En théoricien de la linguistique appliquée, Jespersen publia de nombreux articles sur la nécessité d’introduire les méthodes phonétiques dans l’apprentissage des langues (How to teach a Foreign Language, 1904), et il participa à l’élaboration de nombreux manuels d’enseignement de l’anglais, du français et du danois en y appliquant ses théories.


Actualité de Jespersen

Jespersen demeure un linguiste relativement isolé. Profondément attaché aux méthodes de la linguistique classique, il refuse le renouvellement méthodologique proposé par le mouvement structuraliste. Il critique le Cours de linguistique générale de Saussure* et en particulier la distinction fondamentale langue-parole : son principe essentiel de l’union étroite entre son et sens l’incite à privilégier dans ses études l’aspect de la parole et des réalisations affectives. Aussi, malgré certains points communs : importance de la langue parlée relativement à la langue écrite, définition de la langue comme moyen de communication, notion de progrès, il ne voit dans les méthodes structuralistes qu’un apport à la linguistique classique et non un changement radical de perspective.

En revanche, les développements récents de la grammaire générative* se rapprochent de certains aspects de son système grammatical.

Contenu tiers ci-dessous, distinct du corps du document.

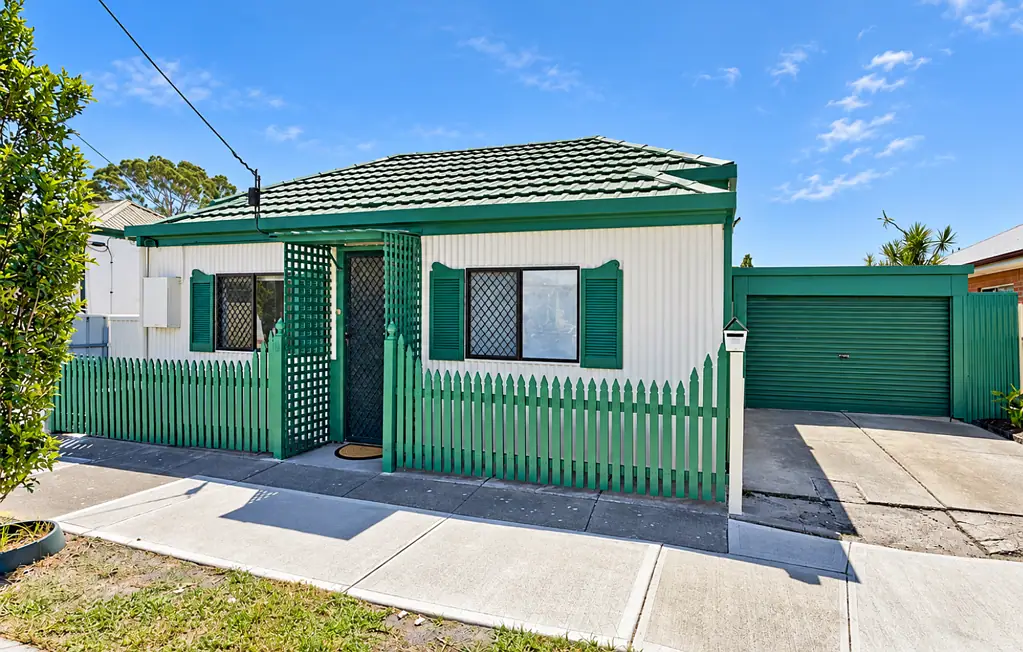 Rosewater 2 Slaapkamer Character, Comfort and Easy Living in the Heart of Rosewater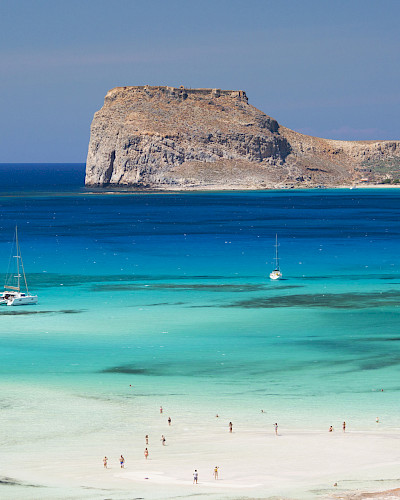Ikos Resorts теперь на Крите — сегодня торжественно открылся Ikos Kissamos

Ainsi, certains structuralistes (E. A. Nida) avaient critiqué Jespersen pour avoir affirmé que deux syntagmes tels que La maison du gardien et L’arrivée du gardien, bien qu’ayant la même structure en constituants immédiats, sont différents puisque le premier est en relation avec Le gardien a une maison, et le second avec Le gardien arrive ; or, en réalité, cette analyse est proche de celle de la grammaire transformationnelle, qui distingue la structure de surface (structure apparente identique) de la structure profonde (structure différente) et reconnaît en effet dans ces syntagmes deux dérivations différentes.

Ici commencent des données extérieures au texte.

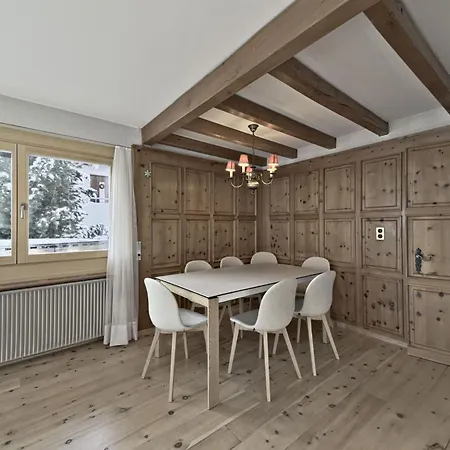 Chesa Chavriol - サメーダン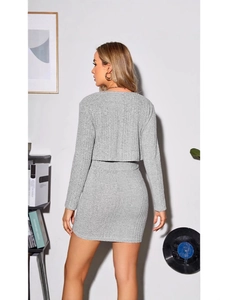 Ensemble maternité gris en tricot avec haut manches longues et jupe, vue de dos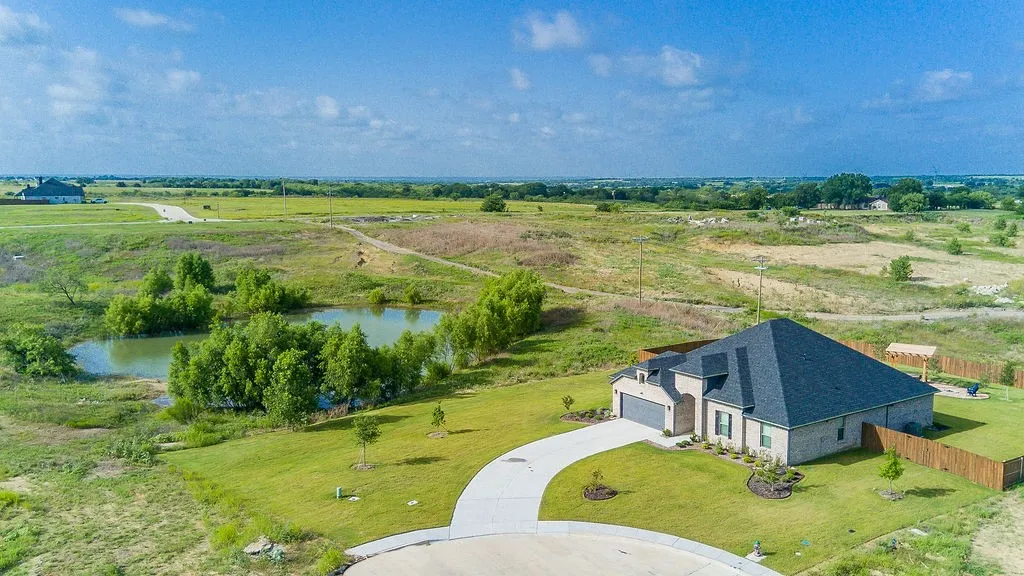 Single Family Residence For Sale in Ellis County , 10316 Stockyard Court, Venus, Texas 76084, 3 Bedroom, 3 Bathroom, 2 Garage spaces, 2,376 Sqft, built in 2026, mls#21316793, Real Estate Agent in Venus, Homes For Sale in Ellis county, Homes For Sale in Venus, Realtor in Venus Texas, Real Estate Brokerage Independent Realty Texas, Luminita Cordes Realtor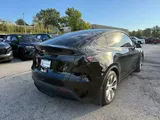 2024 Tesla Model Y photo 2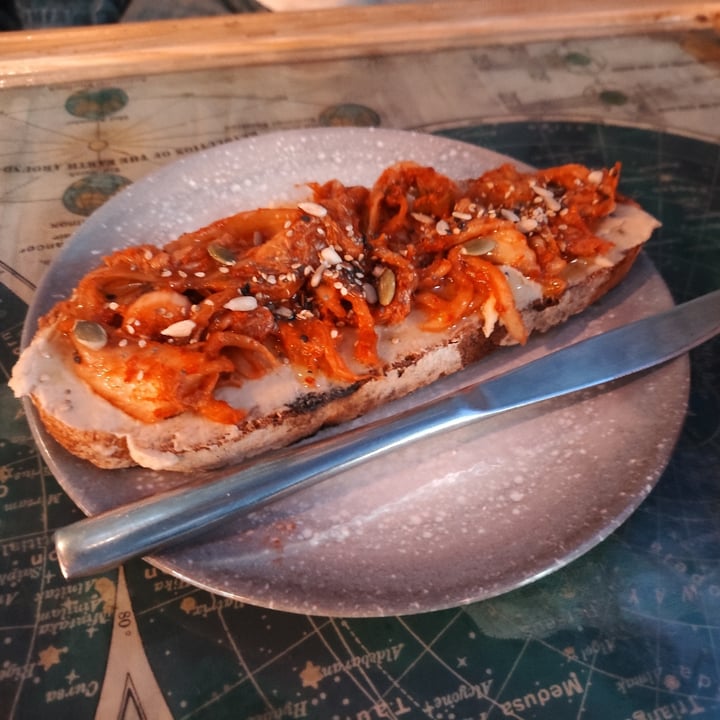 photo of La Tienda de los Unicornios Tostada de hummus y kimchi shared by @alejandro-alvaro on  06 Oct 2025 - review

On trouve ainsi dans son œuvre, sous une forme encore intuitive, certaines analyses syntaxiques fondamentales pour l’élaboration d’une théorie générale du langage.

G. P.

Jésus

Juif qui vécut en Palestine au début de notre ère, appelé Jésus-Christ par les chrétiens, qui reconnaissent en lui le Messie (Christ) attendu par les juifs, celui qui est pour toujours ressuscité d’entre les morts et qui est la source de réconciliation entre les hommes et Dieu.

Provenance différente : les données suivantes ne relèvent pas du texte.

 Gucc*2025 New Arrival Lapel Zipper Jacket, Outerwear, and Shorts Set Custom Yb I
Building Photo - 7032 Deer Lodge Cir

Comment connaissons-nous Jésus ?

Qu’il ait la foi au Christ ou non, l’historien est engagé sur une certaine voie. Imaginer un historien neutre est une illusion à double titre : d’abord parce que, comme tous les faits de ce monde, le fait Jésus lui est livré à travers une certaine interprétation, ensuite parce que le monde où est né l’historien a déjà entendu parler de cet homme qui a obtenu d’un grand nombre la foi en sa divinité. Pour remplir sa tâche, l’historien doit poursuivre une double démarche : d’abord interroger les documents en les dépouillant de leur interprétation pour s’efforcer de viser les « faits bruts » — ce qui s’est exactement passé —, ensuite interroger ces mêmes documents dans la ligne de l’interprétation des faits qu’ils proposent. Il aboutit ainsi à certains résultats qu’il peut considérer comme définitifs, tout en sachant que la connaissance ainsi obtenue n’est pas du même type que celle de la foi et que, du moins pour certains détails, elle demeure sujette à révision à cause des éventuelles acquisitions qui peuvent survenir dans l’ordre scientifique.